SINCE TAKING over as director of the Slovak National Theatre (SND) ballet just over a year ago, Mário Radačovský has already led the ensemble to a number of historic firsts, the latest of which took place on October 26.

Grand pas classique from Raymonda, Serenade

Music:Alexander Glazunov, Piotr I. Tchaikovsky
Choreography:Marius Petipa, George Balanchine
Rehearsed by:Johnny Chang, Patricia Barker and John Clifford
Where:historical building of the Slovak National Theatre (SND), Hviezdoslavovo Square, Bratislava
Next performance:November 10 at 19:00
Performed:in two scenes
Rating:7 of 10

Soloists Andrej Kremz and Nikoleta Stehlíková in a scene from Raymonda.
photo: Ctibor Bachratý/SND

SINCE TAKING over as director of the Slovak National Theatre (SND) ballet just over a year ago, Mário Radačovský has already led the ensemble to a number of historic firsts, the latest of which took place on October 26.

The SND premiered a double bill of an extract from Raymonda, a 19th-century classic choreographed by famed Russian choreographer Marius Petipa, and Serenade, one of the best known and most beautiful pieces by the legendary Russian-born American choreographer George Balanchine.
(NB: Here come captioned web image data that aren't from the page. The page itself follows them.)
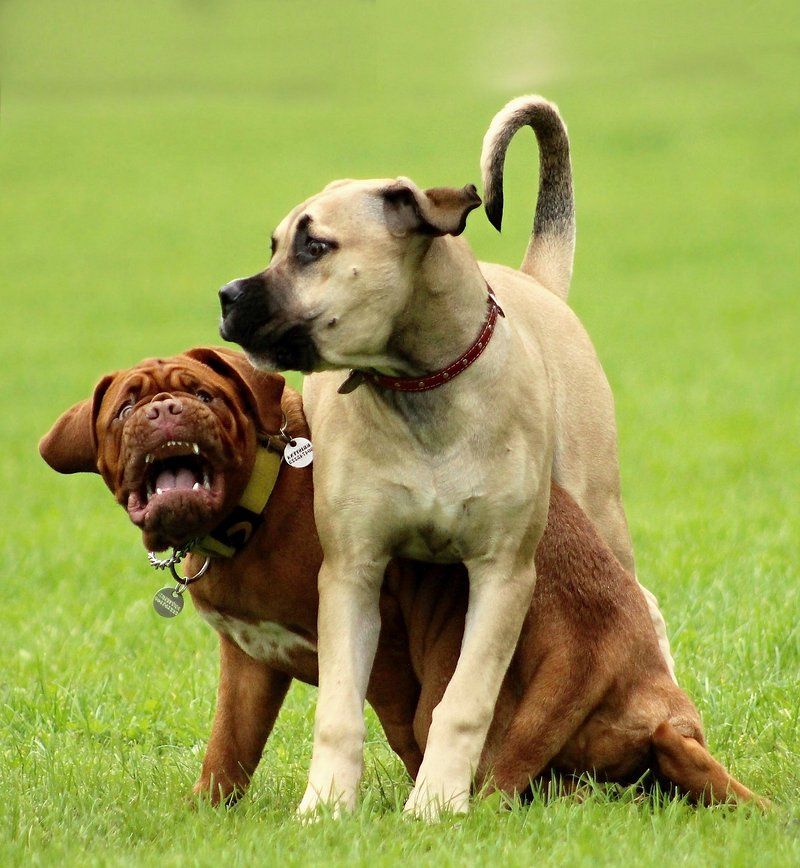 Earn the loyalty of these 13 dog breeds, and they'll guard you without hesitation 13 Boerboel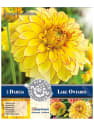 Bulbos de Dahlia 'Lake Ontario'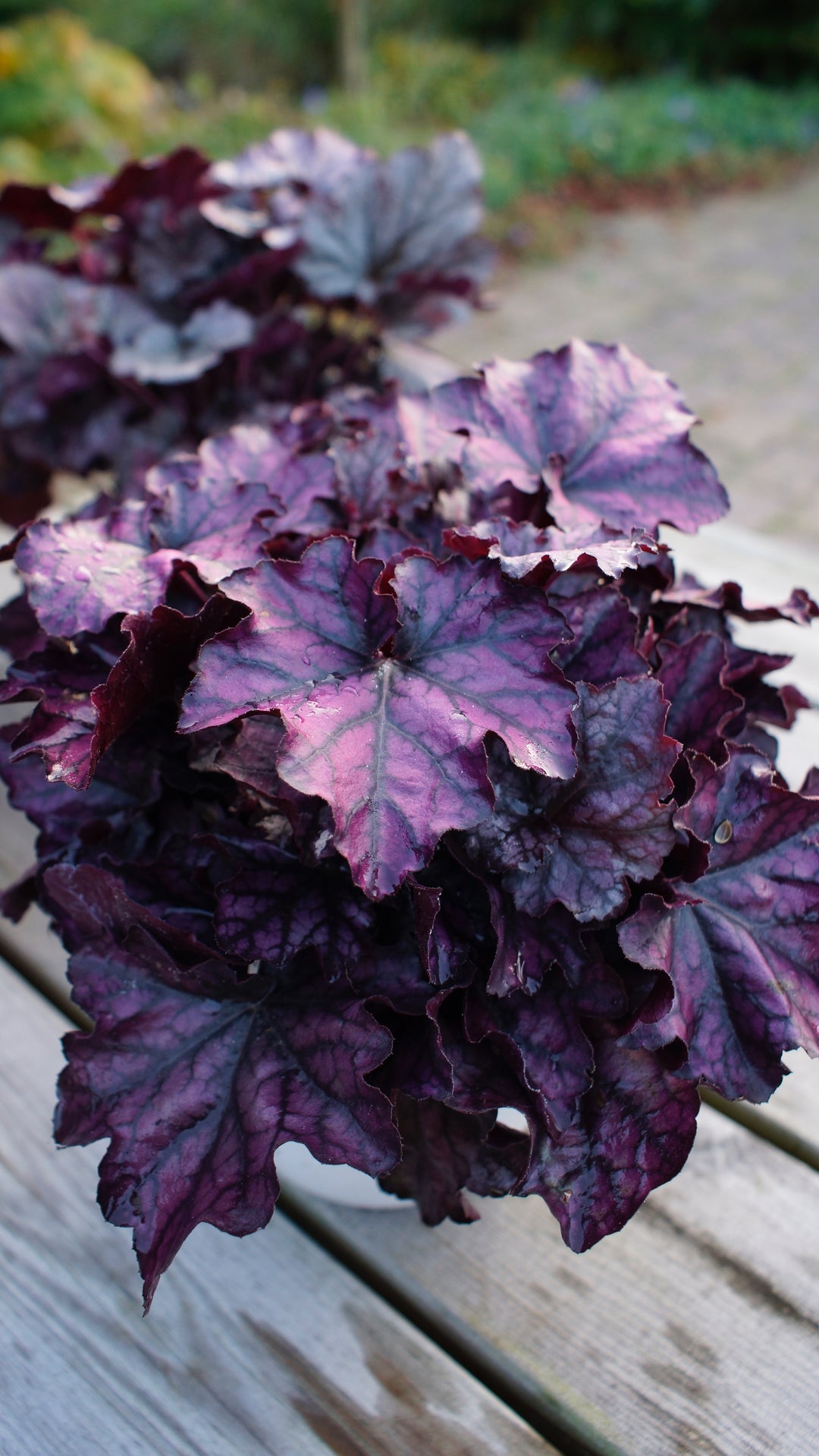 Heuchera x Indian Summer ‘Mulberry’ (Coral Bells)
Incredible as it may seem, considering his influence on 20th-century ballet, this was the first-ever Slovak performance of a Balanchine ballet. For the occasion, Radačovský invited colleagues from his time as a principal dancer at Les Grands Ballets Canadiens de Montreal, who spent weeks teaching Balanchine technique to the SND dancers.

The former colleagues are Johnny Chang, ballet master at the Royal Winnipeg Ballet; Patricia Barker, a former principal dancer at Pacific Northwest Ballet in Seattle; and John Clifford, a former principal dancer and choreographer with New York City Ballet, the world-renowned company founded by Balanchine.
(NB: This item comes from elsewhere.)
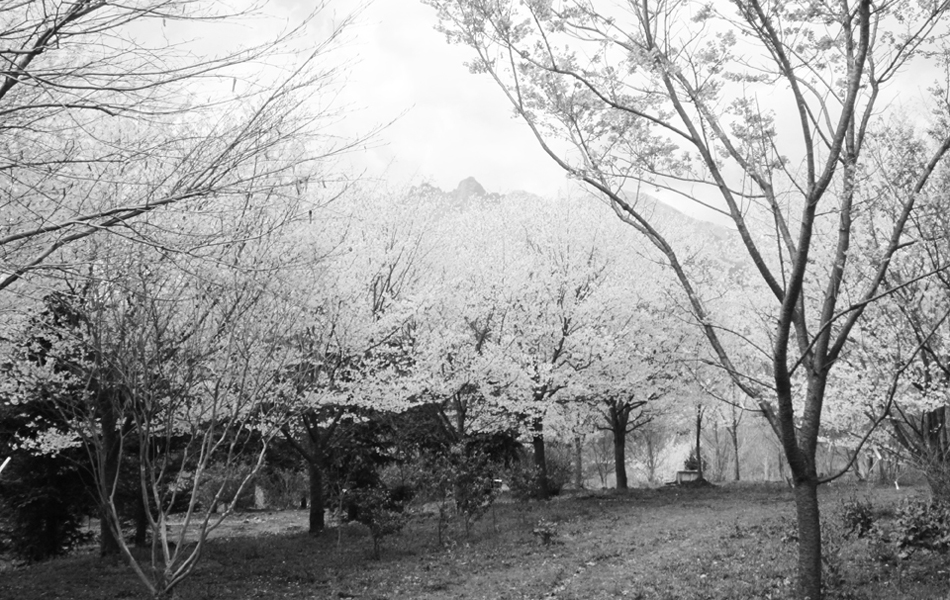 花木公園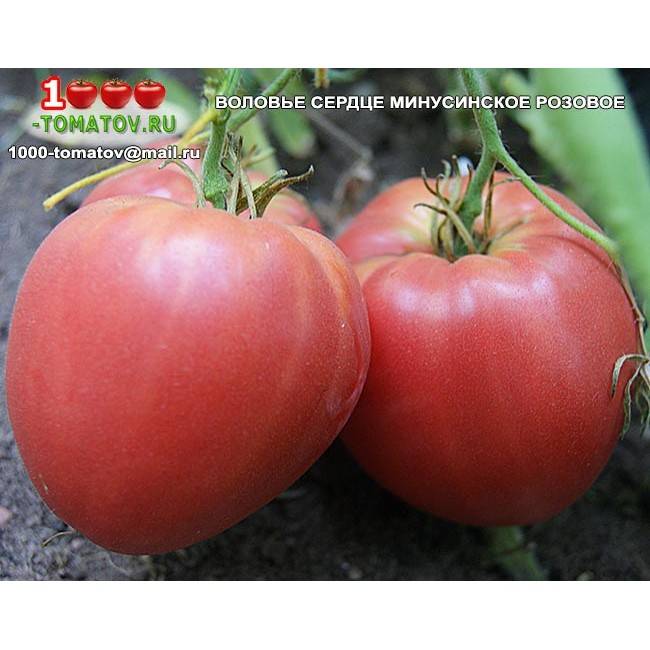 Выращивание помидоров сорта воловье сердце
Chang rehearsed the dancers in Raymonda, fine-tuning their command of Petipa's majestic, lyric choreography, which is usually staged with spectacular sets and costumes. Parker and Clifford undertook the more difficult task of teaching the intricacies of Balanchine choreography, which did away with elaborate sets to put the focus on the dancers. Balanchine technique demands precision, synchronicity, energy, beauty, speed, and, above all, musicality.

The premiere began with Serenade.

This ballet, set to Tchaikovsky's ardent Serenade for Strings, is striking for its visual tableaus. The curtain opens on 17 ballerinas draped in blue and glistening in the light of dawn, right arms stretched upwards, palms out. They dance in diagonal lines and form chains, weaving swiftly and gracefully in and out of complex patterns, until a man enters, and waltzes with the prima ballerina. As Russian folk motifs are heard in the score, the choreography expands until, at the end, the ballerina is carried away into the darkness of twilight.

SND soloists Roman Novitzky and Nikoleta Stehlíková danced elegantly as the waltzing couple, especially Stehlíková, who demonstrated superior muscle control the entire evening. The same can be said for the rest of the ensemble.

Serenade was the SND's first-ever staging of a piece by Balanchine.
photo: Ctibor Bachratý/SND

However, none of the SND dancers showed a convincing grasp of Balanchine technique.

In all fairness, none of them grew up learning the technique, which is not as widely taught in Europe as in North America. According to a dance review published in The New York Times in 2000, even the dancers of the St. Petersburg-based Kirov Ballet, which is considered one of Europe's best, found it difficult to master Balanchine's musical precision in ensemble work and invisibility of preparation for pirouettes and tours.

This raises an important question: does a piece qualify as Balanchine because he choreographed it or because it is danced in his style?

But with all the talk of technique aside, Serenade was a wonderful introduction to Balanchine for the SND dancers, who obviously revelled in the challenge of dancing it, and for their audience, who enthusiastically cheered their attempt.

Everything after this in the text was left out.